Estamos nutridos de fantasmas. También son esos fantasmas los que atraviesan a esa asesina tan singular que es Lady Macbeth. Esa película no está, en absoluto, enclavada en una moral. Es una película que explora los desgarros de la carne: el mediodía de eros. Y lo hace a través del deseo de una mujer completamente esclava del régimen masculino. El contexto es aplastante y es el que detona los fantasmas criminales del personaje; se trata del caso inverso al de Woodcock, un descontrol del ello que culmina en los asesinatos. Es, sin duda, una película que habla de Bataille y que nos muestra la economía de eros completamente tergiversada: el amor convertido en posesión desemboca, desde luego, en el crimen. La liberación de Lady Macbeth es una fuerza erótica sin límites, ¿cómo propiciar el fuego humano verdadero del amor? ¿Cómo regular nuestros impulsos entre los otros seres humanos en regímenes justos de convivencia que nos permitan hallarnos en el gozo y la pasión sin enfermar?

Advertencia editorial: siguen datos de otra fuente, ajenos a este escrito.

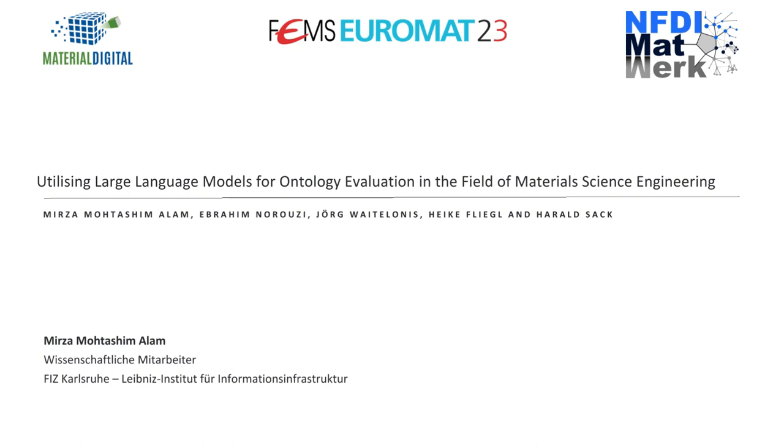Hello everyone, today I am going to address an interesting topic which is the utilization of large language models in material science and engineering for evaluation of ontologies. I am Mirza Motashim Alam, a researcher working at FIZ Karlsruhe.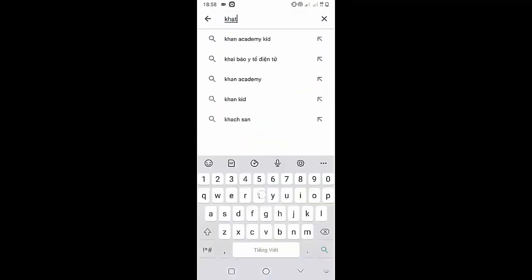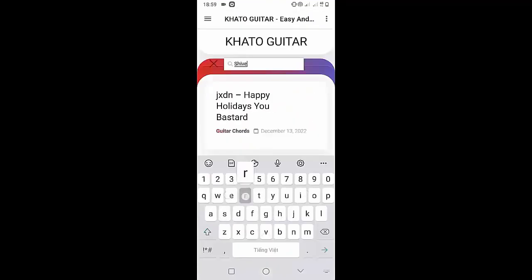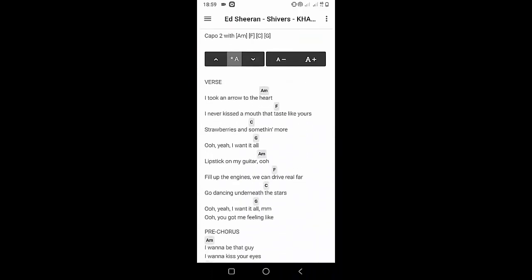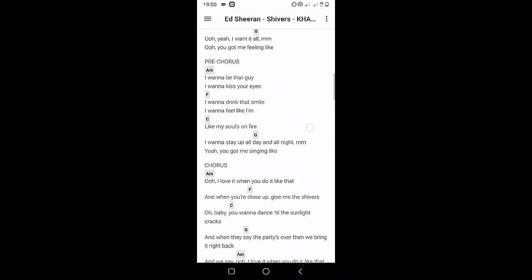Welcome to the Kata Guitar channel. Before going to the song tutorial, download the Kata Guitar chord lookup software on the Google Play Store for easy tracking. Now it's time for the video tutorial.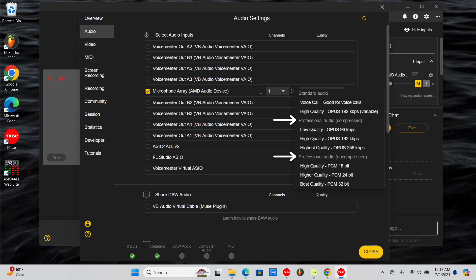You will also need to use professional audio to select an ASIO driver. There are multiple options for compressed audio. Like above, low quality Pro Audio is suitable for basic conversations over Muse, whereas going down the list will result in better options for music sharing.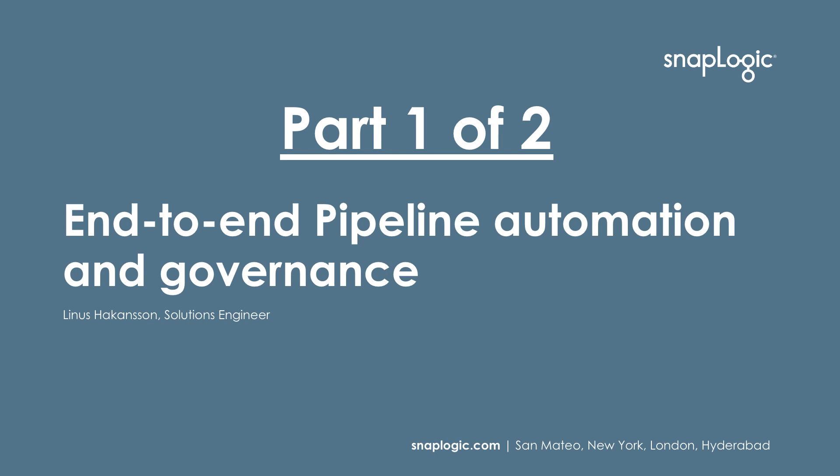Welcome to this demo of end-to-end pipeline automation and governance. My name is Linus Hackasson and I work as a solutions engineer with SnapLogic. The purpose of this demo is to show how SnapLogic platform can work alongside other toolsets to enable complete lifecycle management.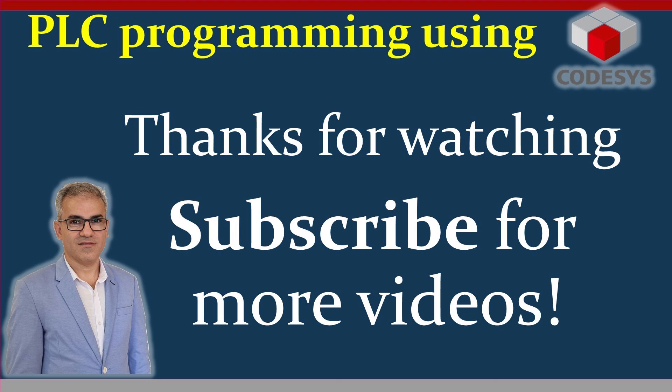Alright, that's it for this video. I hope you have enjoyed watching it and have found it useful. Please don't forget to subscribe to the channel and share the video with the ones that you think could find it helpful. Thanks for watching and see you in another video later. Bye for now.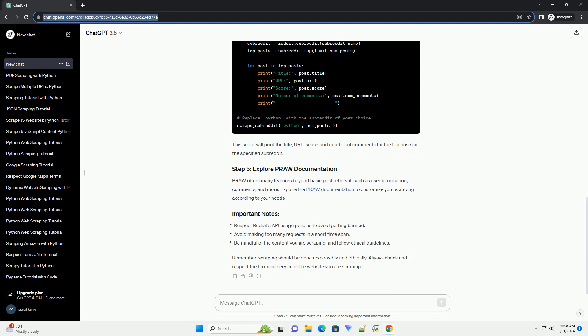PRAW offers many features beyond basic post retrieval, such as user information, comments, and more. Explore the PRAW documentation to customize your scraping according to your needs.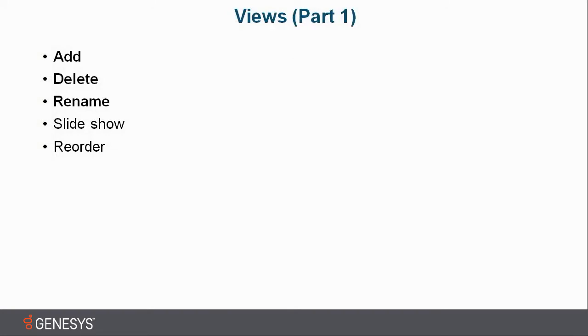Within our views, we can add, we can delete, we can rename our views. And that's what I'm going to cover in these first three bullets in Part 1.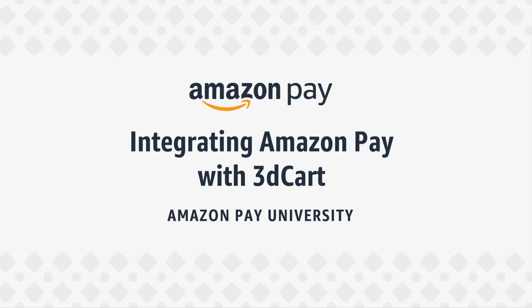In this video, we'll show you how to integrate Amazon Pay using 3D Cart as your solution provider.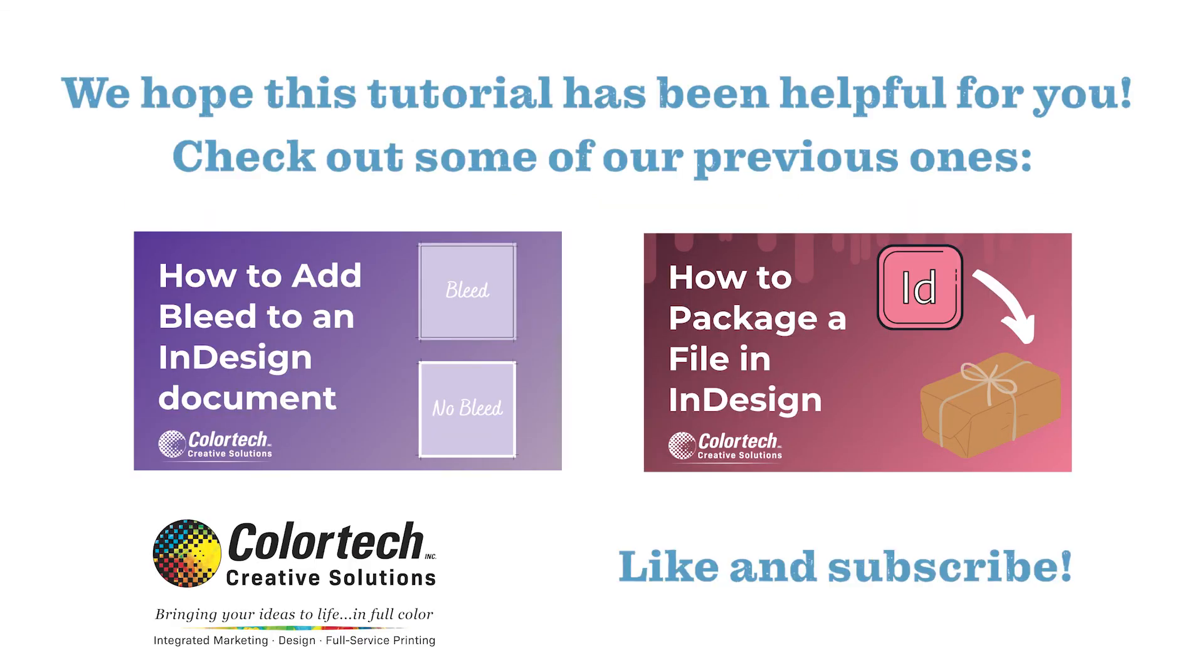We hope this tutorial has been helpful for you. Thank you for joining us today and see you next time for our next how-to video.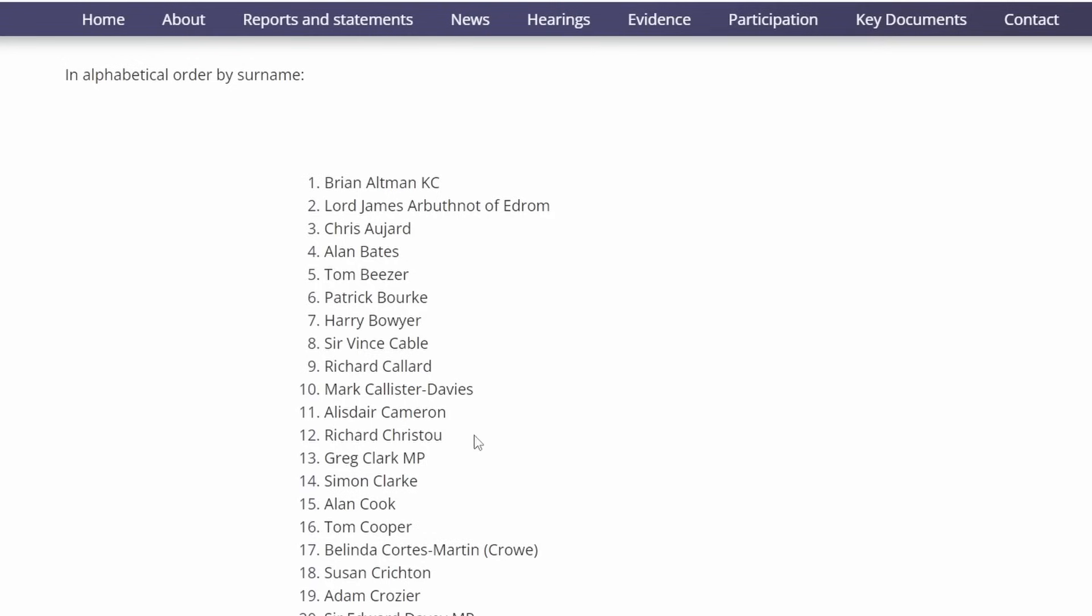Greg Clark MP, the current Conservative MP for Tunbridge Wells who's held several ministerial positions. Simon Clarke, who worked for Cartwright King and wrote advice relating to the Post Office scandal in 2013. Alan Cook, an ex-Post Office Director who is said to have overseen the prosecution of 160 postmasters. He did claim earlier last month that he'll never forgive himself for what happened at the Post Office, and that there were no concerns raised with the Fujitsu Horizon software to him.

Estas dos películas guardan un secreto: ambas abordan contextos que determinan las exploraciones psíquicas de los personajes y sus rutas no resultan ajenas a pesar de encontrarse cercadas por su época. Nos son familiares porque exploran dos ámbitos de nuestro eterno mediodía: el deseo y el margen, representados a través del misterio en la voz muda y sin historia “personal” de las mujeres. Lady Macbeth como Alma carece de pasado personal; el rasgo susurra universos a través de la invisibilidad de la mujer en la historia occidental.
Thelma
En cambio Thelma, pese a ser la película de una joven del siglo XXI, encierra el problema de contexto más antiguo de la historia de Occidente: la relación de la mujer con el cristianismo. Los dilemas son hermosos en esta película porque se retratan las preguntas antiguas, petrificadas aparentemente en nuestro pasado, pero siempre latentes en sus formas inexplicables y oscuras; son Sísifo y la piedra que rehúsan a desaparecer de nuestra psique. Los dilemas de Thelma no son sobrenaturales sino simbólicos, espirituales: las convulsiones, poder curar, tener el don de provocar males (ecos de aquella otra película The Witch, 2016-Robert Eggers), son algunos de los aspectos que nutren sus espacios oníricos: el personaje y el agua (símbolo religioso y a un tiempo psicoanalítico por sus vínculos con el problema de la madre e hija), tragarse un pájaro negro, encender en fuego al padre: son gestos de una crisis espiritual. El rostro de Thelma es —de los tres personajes que analizo— el más afectado, es un personaje retorcido por la angustia, anegado en el llanto; un cuerpo surcado, horadado por la emoción, triturado por los afectos: la imposibilidad de amar, la contractura imprevisible de la convulsión, la inacción del rostro atravesado por los tranquilizantes.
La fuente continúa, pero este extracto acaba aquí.